Basically @synpp.stage
says how the stage should be configured and the function defines the stage's logic.
To put clearly, the stage above is converted by synpp
to something like:
def configure(context):
context.stage("my.pipeline.census.raw")
context.config("census_sample_size", default=0.1)
def execute(context):
loaded_census = context.stage("my.pipeline.census.raw")
sample_size = context.config("census_sample_size")
return clean_census(loaded_census, sample_size)
As you may have noticed, census_sample_size
is a config option defined in the config file,
and in case it isn't found, synpp
will simply use the function's default.
Notice also that the following wouldn't work: @synpp.stage(..., sample_size=0.2)
,
since synpp
would try to find a parameter called "0.2" in the config file that doesn't exist.

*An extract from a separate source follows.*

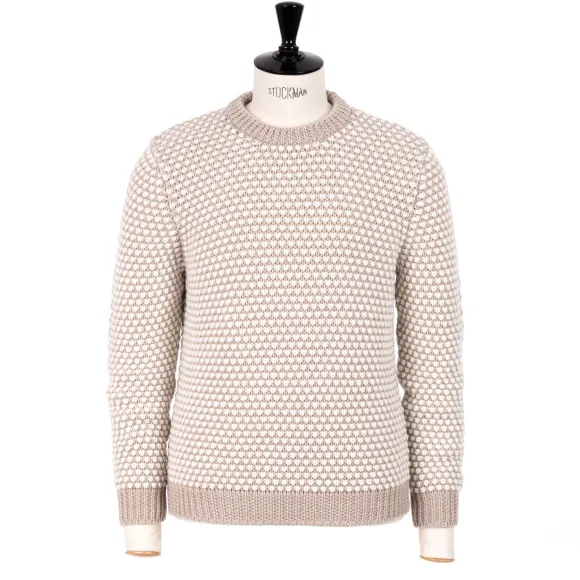 Settefili X Mj: Sweater "Motivo A Perline" In Pure Merino Wool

In case a parameterized stage must be passed as dependency, this can be performed
in a similar way, by simply wrapping the stage in the synpp.stage()
decorator.
Following the previous example, we may replace the first argument with
loaded_census=synpp.stage("my.pipeline.census.raw", file_path="path/to/alternative/census")
.
This compact way of defining stages does not support all functionality, for instance custom stage devalidation,
but functionality that requires the context object are also possible via the helper method synpp.get_context()
.
The synpp
pipeline comes with a command line tool, which can be called like
python3 -m synpp [config_path]
If the config path is not given, it will assume config.yml
. This file should
contain everything to run a pipeline. A simple version would look like this:
# General pipeline settings
working_directory: /path/to/my/working_directory
# Requested stages
run:
- my_first_module.my_first_stage
- my_first_parameterized_stage:
param1: 123
param2: 345
# These are configuration options that are used in the pipeline
config:
my_option: 123
It receives the working directory, a list of stages (which may be parameterized)

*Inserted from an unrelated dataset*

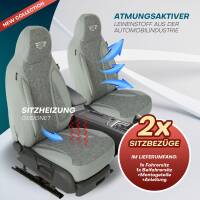Pilot Sitzbezüge für VW Golf 6 ab 2008-2013 (Grau) HERM208 | Mit ABE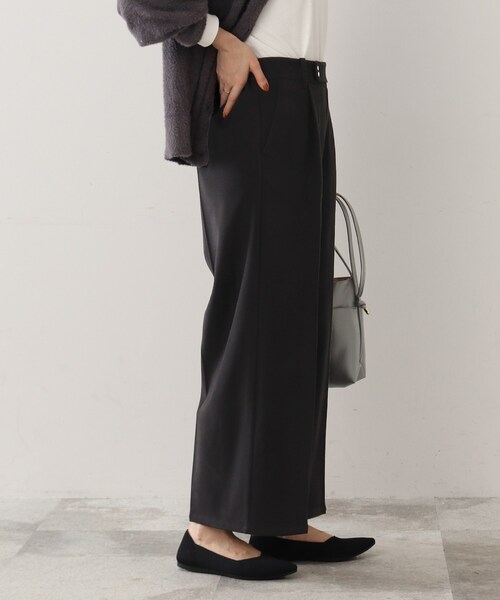 DRESKIP（ドレスキップ）の「◆【きっと虜になる】両面起毛であったか！ 滑らかタッチ ワイドパンツ（その他パンツ・レディース・ダークグリーン/ライトベージュ/サンドベージュ/ブラック・04/03/02）」の21枚目の写真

and all configuration options. The stages listed above should be available
as Python modules or classes. Furthermore, aliases
can be defined as a top-level
element of the file.
This repository contains an example of the pipline. To run it, you will need
pandas
as an additional Python dependency. For testing, you can clone this
repository to any directory on your machine. Inside the repository directory
you can find the example
directory. If you did not install synpp
yet,
you can do this by executing
pip install .
inside of the repository directory. Afterwards, open examples/config.yml
and adjust the working_directory
path. This is a path that should exist on
your machine and it should be empty. The best is if you simply create a new
folder and add the path in config.yml
.
You can now go to examples
and call the pipeline code:
cd examples
python3 -m synpp
It will automatically discover config.yml
(but you could path a different
config file path manually as a command line argument). It will then download
the NYC taxi data for January, February and March 2018 (see configuration
options in config.yml
). Note that this is happening in one stage for which
you can find the code in nyc_taxi.download
. It is parameterized by a month
and a year to download the respective data set. These data sets then go into
nyc_taxi.aggregate
, where they are merged together. Finally, an average
occupancy value is printed out in nyc_taxi.print_occupancy
. So the dependency
structure is as follows:
nyc_taxi.aggregate depends on multiple nyc_taxi.download(year, month)
nyc_taxi.print_occupancy depends on nyc_taxi.aggregate
After one successful run of the pipeline you can start it again. You will notice
that the pipeline does not download the data again, because nothing has changed
for those stages. However, if you would change the requested months in config.yml
the pipeline may download the additional data sets.